16 novembre 2005

Chapitre 3 - Voyage à Casablanca

Khalid est quelqu'un de très serviable. Malheureusement, à cette époque, lui aussi était instable psychologiquement. De plus, notre relation ne reposait plus sur des bases saines, malgré tout ce que l'on a pu construire ensemble lorsque je vivais à Paris. Il s'était violemmentdisputé avec ma mère, au téléphone mais aussi par e-mail. Je n'ai pas pu avoir accès à leur correspondance, mais ma mère m'avait fait lire une lettre d'insultes qu'il lui avait envoyée.

De mon coté, je cherchais à me séparer de lui, mais tout en douceur. Car je savais, par expérience que ce n'est vraiment pas quelqu'un à se mettre à dos.

Fidèle et généreux en amitié, lorsqu'il n'appréciait pas quelqu'un, il le détestait.

Ma mère avait réussi à me transmettre la phobie qu'elle avait de ce personnage. Pour elle, il est la cause unique de mes malheurs. De mon coté, j'était toujours engagé avec Khalid. Je n'avais pas encore pu acquerir la carte grise de mon véhicule et j'étais obligé de coopérer et de garder de bons rapports avec lui.
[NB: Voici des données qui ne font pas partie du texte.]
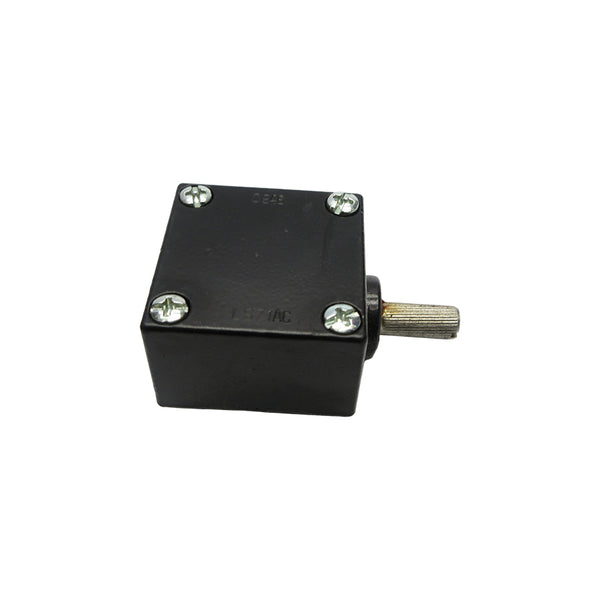 MICRO SWITCH LSZ1AC NSNP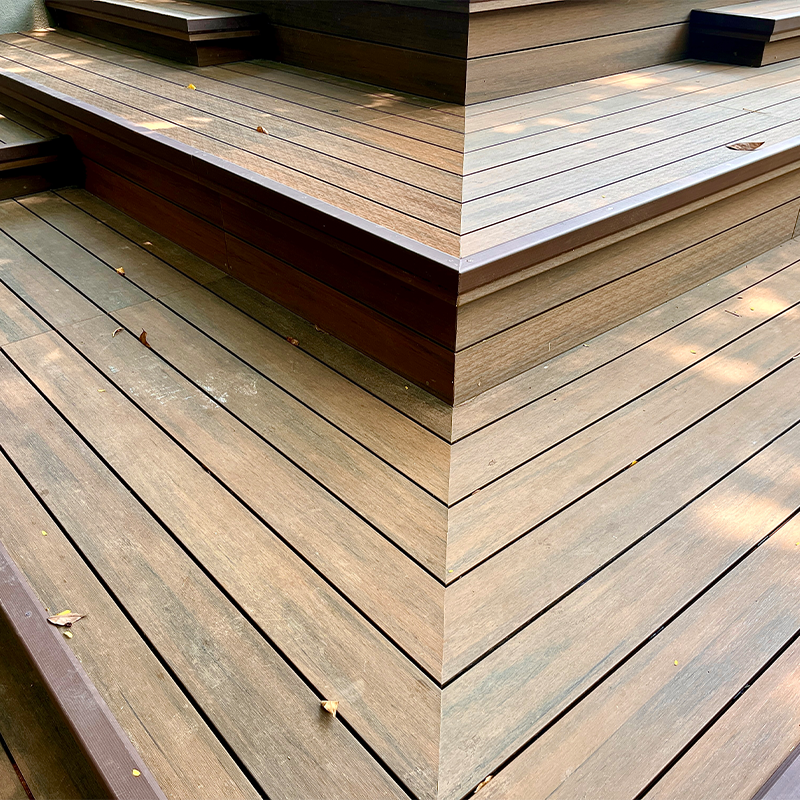 Deck Construction Edited 800 x 800 Deck Construction Edited 800 x 800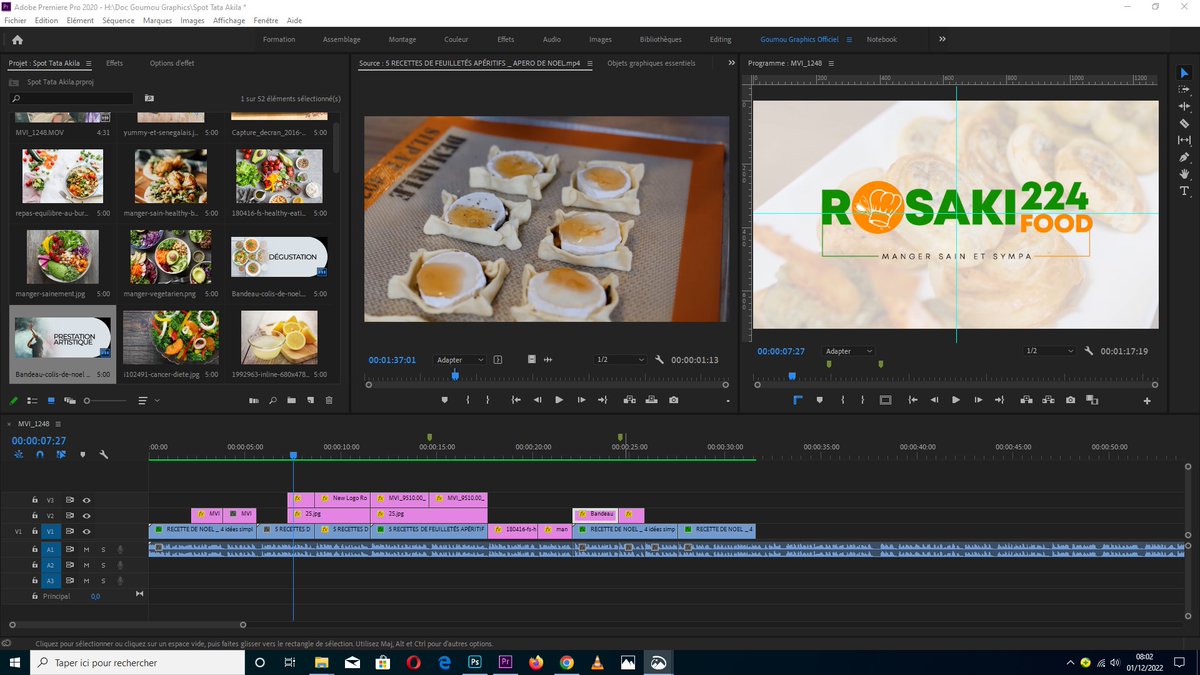G Studio tweet media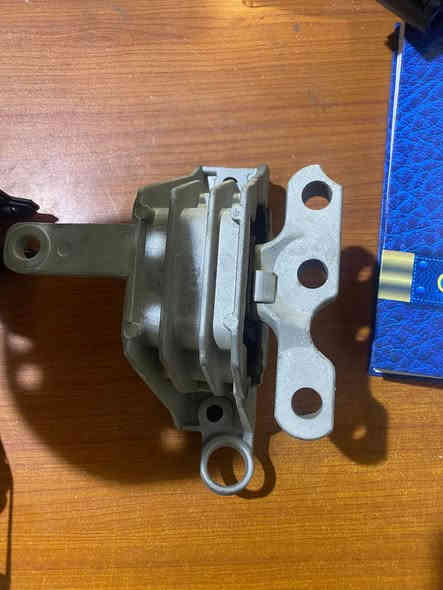 مجمع حسين شاكر الظالمي قطع غيار امبالا الحديث ولقديم صيانه داخل الورشه  توصيل متوفر الى جميع محافضات العراق 🇮🇶 للحجز واتساب ***********
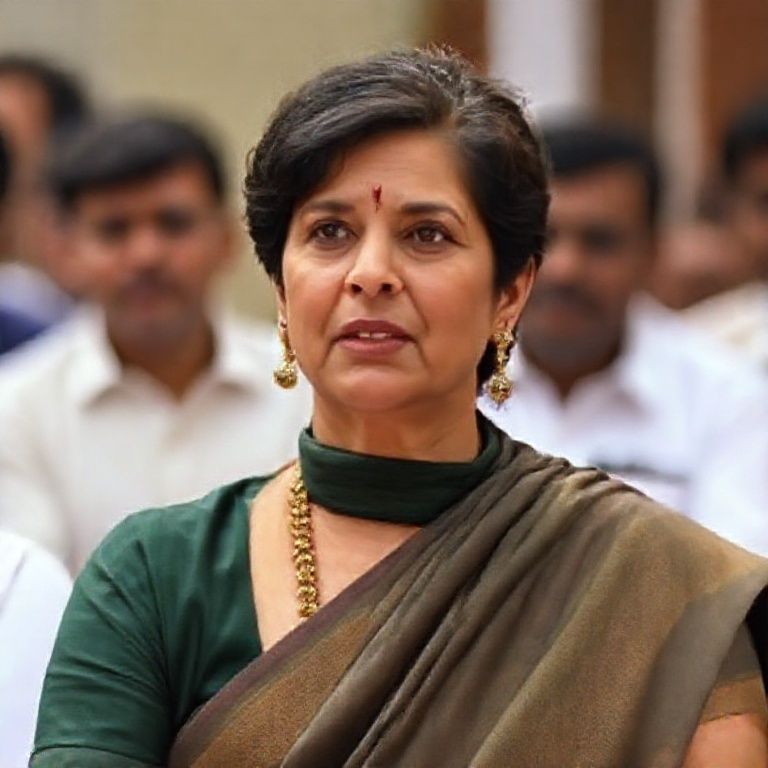 Priyanka Gandhi Critiques Government on Vande Mataram Debate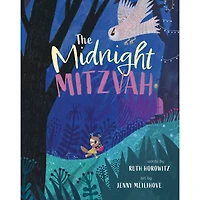 Barefoot Books Building Empathy Book Bundle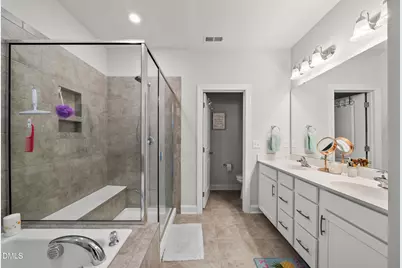 229 Marietta Way, Durham, NC 27703 - Photo 19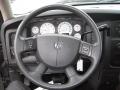 2005 Ram 1500 SLT Quad Cab #28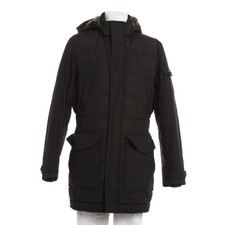 Woolrich cappotto invernale - woolrich, xl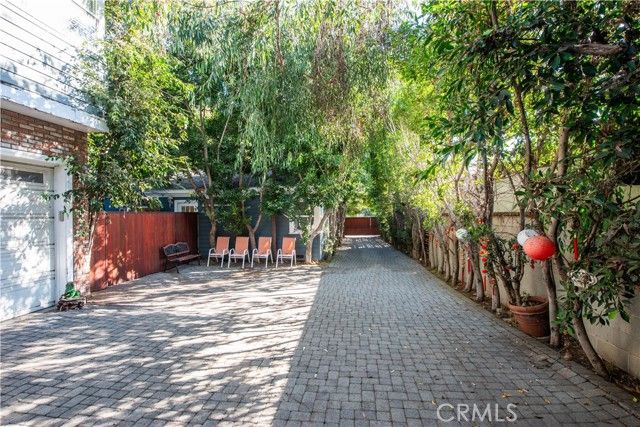 12413 Westminster Avenue, Los Angeles, CA 90066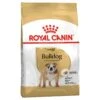 Royal Canin Dog Food Adult Bulldog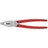 Cutting Pliers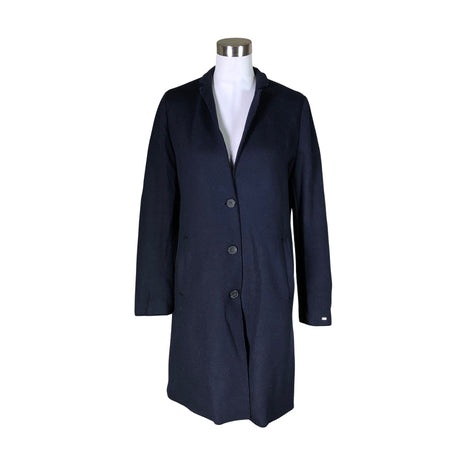 Unisex Tommy Hilfiger - Villakangastakki, koko 38 -  ()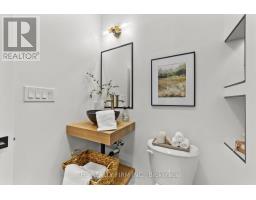 173 RENAISSANCE DRIVE NW - 14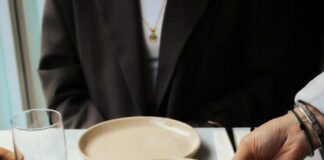 Türk Kahvesi İshale İyi Gelir Mi? Şaşırtıcı Faydaları Keşfedin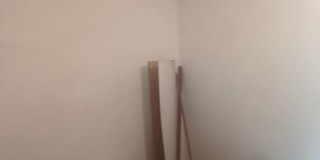 Casa - condomínio roland 2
Un autre défaut de Khalid est que c'est quelqu'un qui ne supporte pas les blancs dans les conversations. Si l'on se met à l'écouter, il n'arrête pas de parler. Expériences personnelles, façon de réfléchir, malheurs, business de voitures, j'ai eu l'occasion de savoir beaucoup de choses sur ce singulier personnage au fur et à mesure que je le fréquentais.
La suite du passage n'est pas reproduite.